▶ What this task involves: Repeat the whole listing word for word, skipping pictures.

▶ Information supplied:
============================================================

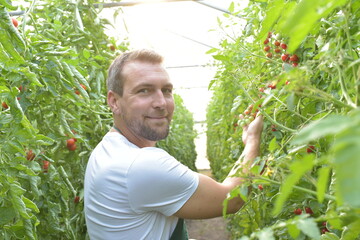 farmer in greenhouse growing and harvesting tires tomatoes for sale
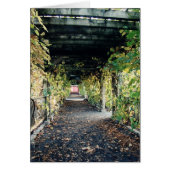 Autumn Pergola (Voorkant)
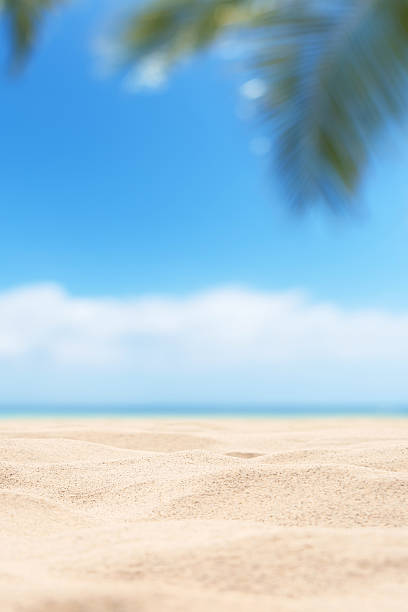 istock Empty tropical sand beach with palm leaves and sunny blue sky abstract background 2220329466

============================================================

▶ Result of the exercise:
 farmer in greenhouse growing and harvesting tires tomatoes for sale
 Autumn Pergola (Voorkant)
 istock Empty tropical sand beach with palm leaves and sunny blue sky abstract background 2220329466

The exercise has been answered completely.